Judith Eisler (1962, Newark, New Jersey) focuses her practice on painting and drawing. She received her BFA from Cornell University in 1984.
"My work explores a reality filtered through screens and digital mediation. While the subjects remain recognizable, I focus on how technological abstraction affects image structure and perception. Painting becomes a tool for discovering unexpected narratives within photographic certainty.
Film offers us an accepted illusion—an alternate reality that shapes our perception and collective consciousness. By pausing the narrative and isolating a frame, the work interrogates visual perception: the instability of form, the absence of geometric certainty, the persistence of recognition despite dissolution.
Through thin, layered applications of paint, I articulate the abstractions that emerge from interrupted temporality. The paintings occupy an in-between space—formed through mediated distance, and through the tension between the generation of an image and its gradual disintegration—where meaning arises not from resolution, but from suspension."
– Judith Eisler
Eisler is a professor of painting and animation film at the University of Applied Arts in Vienna. She lives and works in Vienna and Warren, CT (USA).
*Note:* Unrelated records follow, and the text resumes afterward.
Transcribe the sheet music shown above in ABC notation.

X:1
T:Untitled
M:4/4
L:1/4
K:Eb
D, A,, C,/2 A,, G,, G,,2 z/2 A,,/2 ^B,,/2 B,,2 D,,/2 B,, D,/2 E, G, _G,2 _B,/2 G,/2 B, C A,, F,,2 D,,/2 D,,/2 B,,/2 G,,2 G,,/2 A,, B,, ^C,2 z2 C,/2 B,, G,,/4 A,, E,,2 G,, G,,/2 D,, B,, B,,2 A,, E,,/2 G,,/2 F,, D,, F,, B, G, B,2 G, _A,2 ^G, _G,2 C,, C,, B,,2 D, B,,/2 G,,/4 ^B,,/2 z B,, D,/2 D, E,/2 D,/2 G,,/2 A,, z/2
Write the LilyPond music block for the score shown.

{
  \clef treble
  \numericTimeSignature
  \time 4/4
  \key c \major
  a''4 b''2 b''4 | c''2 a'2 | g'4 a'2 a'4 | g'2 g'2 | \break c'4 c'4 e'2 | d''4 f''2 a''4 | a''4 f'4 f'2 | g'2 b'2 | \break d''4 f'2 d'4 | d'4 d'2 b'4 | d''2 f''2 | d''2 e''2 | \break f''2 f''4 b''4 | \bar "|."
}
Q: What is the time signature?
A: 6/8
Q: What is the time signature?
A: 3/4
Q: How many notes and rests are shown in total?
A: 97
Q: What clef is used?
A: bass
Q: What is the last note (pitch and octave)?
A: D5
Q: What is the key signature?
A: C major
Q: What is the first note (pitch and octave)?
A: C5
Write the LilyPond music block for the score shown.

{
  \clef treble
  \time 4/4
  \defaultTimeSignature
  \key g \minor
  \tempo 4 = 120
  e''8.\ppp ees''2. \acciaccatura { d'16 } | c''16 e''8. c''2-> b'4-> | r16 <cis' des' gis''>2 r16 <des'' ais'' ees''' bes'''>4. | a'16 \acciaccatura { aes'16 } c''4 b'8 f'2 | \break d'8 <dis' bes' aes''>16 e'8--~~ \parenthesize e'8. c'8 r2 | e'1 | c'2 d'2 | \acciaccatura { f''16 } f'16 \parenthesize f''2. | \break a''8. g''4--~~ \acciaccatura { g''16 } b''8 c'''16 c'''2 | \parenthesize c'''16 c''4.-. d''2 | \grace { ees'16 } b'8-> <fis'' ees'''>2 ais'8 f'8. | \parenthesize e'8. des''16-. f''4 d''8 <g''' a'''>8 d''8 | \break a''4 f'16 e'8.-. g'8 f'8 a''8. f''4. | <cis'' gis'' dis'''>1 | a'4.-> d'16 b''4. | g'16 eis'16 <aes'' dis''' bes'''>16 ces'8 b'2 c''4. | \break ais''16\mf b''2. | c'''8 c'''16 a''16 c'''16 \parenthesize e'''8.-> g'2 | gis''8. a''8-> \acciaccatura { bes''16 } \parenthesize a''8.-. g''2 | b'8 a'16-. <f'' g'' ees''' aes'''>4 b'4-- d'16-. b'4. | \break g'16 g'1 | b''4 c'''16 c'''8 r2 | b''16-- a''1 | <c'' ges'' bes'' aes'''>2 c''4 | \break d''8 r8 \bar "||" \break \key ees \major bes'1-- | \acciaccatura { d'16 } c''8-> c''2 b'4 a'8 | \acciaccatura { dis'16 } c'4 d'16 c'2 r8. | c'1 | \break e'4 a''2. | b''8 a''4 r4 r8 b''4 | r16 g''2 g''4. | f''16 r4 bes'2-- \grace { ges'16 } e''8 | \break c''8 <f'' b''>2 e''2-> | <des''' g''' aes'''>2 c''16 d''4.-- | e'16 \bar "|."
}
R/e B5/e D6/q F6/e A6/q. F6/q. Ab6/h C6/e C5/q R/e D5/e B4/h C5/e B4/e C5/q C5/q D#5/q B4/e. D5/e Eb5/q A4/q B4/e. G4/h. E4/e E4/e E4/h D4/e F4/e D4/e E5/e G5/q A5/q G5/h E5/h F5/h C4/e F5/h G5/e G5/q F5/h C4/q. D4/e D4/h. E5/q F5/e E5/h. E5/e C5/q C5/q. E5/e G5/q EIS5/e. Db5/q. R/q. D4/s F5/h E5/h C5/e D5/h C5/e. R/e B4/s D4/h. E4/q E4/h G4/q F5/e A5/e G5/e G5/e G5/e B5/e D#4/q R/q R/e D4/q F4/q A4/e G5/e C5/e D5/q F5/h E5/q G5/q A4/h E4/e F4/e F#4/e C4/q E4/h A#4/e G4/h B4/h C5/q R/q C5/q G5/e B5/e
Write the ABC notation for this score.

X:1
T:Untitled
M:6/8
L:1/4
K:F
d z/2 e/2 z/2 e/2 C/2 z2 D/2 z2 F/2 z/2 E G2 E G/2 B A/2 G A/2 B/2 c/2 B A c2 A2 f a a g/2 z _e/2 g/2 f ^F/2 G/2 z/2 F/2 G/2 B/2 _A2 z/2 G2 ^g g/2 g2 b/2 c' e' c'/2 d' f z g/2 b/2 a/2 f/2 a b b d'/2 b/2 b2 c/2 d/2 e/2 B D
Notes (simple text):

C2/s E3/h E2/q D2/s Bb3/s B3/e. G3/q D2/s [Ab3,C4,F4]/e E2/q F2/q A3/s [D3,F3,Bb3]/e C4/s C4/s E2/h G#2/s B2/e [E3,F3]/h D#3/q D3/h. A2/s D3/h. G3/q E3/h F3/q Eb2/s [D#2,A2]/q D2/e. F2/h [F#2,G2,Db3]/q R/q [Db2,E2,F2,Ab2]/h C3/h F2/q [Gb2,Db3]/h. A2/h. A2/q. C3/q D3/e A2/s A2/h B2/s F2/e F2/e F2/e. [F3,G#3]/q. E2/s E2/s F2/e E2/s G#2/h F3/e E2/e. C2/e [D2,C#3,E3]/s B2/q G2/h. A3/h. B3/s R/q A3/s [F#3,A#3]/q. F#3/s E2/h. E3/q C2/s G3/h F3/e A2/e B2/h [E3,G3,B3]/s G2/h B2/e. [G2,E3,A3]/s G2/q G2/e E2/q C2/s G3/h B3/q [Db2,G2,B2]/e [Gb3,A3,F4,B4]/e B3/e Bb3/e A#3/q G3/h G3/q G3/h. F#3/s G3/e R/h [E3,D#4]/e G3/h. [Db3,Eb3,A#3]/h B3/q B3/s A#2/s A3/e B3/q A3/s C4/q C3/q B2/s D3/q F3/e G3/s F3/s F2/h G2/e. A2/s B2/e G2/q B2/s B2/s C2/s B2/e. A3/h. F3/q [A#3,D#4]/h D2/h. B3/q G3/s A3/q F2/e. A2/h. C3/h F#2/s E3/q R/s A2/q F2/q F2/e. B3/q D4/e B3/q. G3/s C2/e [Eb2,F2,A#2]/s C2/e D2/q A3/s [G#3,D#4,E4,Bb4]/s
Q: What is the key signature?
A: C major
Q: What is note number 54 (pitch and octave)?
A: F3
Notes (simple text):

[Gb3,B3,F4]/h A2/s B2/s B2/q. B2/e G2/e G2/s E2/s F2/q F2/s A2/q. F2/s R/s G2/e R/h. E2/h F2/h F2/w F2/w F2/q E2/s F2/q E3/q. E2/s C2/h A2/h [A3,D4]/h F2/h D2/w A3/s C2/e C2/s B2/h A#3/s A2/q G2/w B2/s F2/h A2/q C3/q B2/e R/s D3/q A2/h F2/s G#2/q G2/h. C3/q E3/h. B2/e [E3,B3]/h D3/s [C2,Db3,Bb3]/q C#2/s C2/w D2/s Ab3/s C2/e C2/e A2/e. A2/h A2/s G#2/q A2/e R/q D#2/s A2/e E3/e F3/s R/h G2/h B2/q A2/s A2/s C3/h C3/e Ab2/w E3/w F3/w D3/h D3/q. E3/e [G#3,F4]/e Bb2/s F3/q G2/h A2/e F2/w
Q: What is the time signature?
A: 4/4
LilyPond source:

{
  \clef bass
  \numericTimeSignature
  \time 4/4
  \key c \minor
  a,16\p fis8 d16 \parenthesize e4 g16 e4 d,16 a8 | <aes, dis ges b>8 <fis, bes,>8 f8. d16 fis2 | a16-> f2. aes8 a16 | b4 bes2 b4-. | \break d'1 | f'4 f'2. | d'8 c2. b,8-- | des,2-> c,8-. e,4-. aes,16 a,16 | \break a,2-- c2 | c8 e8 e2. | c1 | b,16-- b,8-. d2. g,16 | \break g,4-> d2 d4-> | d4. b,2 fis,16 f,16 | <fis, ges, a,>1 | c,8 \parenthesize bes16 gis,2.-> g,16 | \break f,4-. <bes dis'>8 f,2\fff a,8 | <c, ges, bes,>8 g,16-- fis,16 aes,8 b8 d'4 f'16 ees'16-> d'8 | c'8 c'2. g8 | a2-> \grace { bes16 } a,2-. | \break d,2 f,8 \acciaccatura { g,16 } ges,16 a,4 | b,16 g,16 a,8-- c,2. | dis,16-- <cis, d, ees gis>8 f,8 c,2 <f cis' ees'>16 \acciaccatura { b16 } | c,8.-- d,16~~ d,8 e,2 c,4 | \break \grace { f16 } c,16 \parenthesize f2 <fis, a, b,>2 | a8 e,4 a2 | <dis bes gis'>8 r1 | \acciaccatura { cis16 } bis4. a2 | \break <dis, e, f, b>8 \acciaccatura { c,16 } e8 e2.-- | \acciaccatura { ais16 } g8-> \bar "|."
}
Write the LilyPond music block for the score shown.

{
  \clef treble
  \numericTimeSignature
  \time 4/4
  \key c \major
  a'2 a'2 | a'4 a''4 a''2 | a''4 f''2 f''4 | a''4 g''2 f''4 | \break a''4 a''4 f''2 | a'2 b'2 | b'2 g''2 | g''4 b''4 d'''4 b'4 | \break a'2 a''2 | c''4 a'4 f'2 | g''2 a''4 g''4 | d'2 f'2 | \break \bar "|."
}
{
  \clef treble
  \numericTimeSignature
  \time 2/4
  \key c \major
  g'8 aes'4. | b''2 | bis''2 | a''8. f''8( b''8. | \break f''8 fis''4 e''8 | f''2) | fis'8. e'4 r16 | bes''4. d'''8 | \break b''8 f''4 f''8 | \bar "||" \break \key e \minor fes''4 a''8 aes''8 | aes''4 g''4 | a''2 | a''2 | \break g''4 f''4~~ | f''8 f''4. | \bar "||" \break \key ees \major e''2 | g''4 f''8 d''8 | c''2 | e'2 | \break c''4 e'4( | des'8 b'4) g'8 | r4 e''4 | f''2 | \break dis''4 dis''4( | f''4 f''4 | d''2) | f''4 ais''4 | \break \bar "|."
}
Her work is in the permanent collections of the Pérez Art Museum, Miami, Florida; the Smithsonian American Art Museum, Washington, DC; the Wellin Museum of Art at Hamilton College, Clinton, NY; the Saatchi Collection, London, UK; the Hall Art Foundation, VT; MTV Network, and NASA (National Air & Space Association, USA).
The most recent publication on her work is Judith Eisler, Center of the Frame, published by Lenz Press in 2024, and includes texts by Kirsty Bell, Christopher Bollen, Judith Eisler, and Wade Guyton.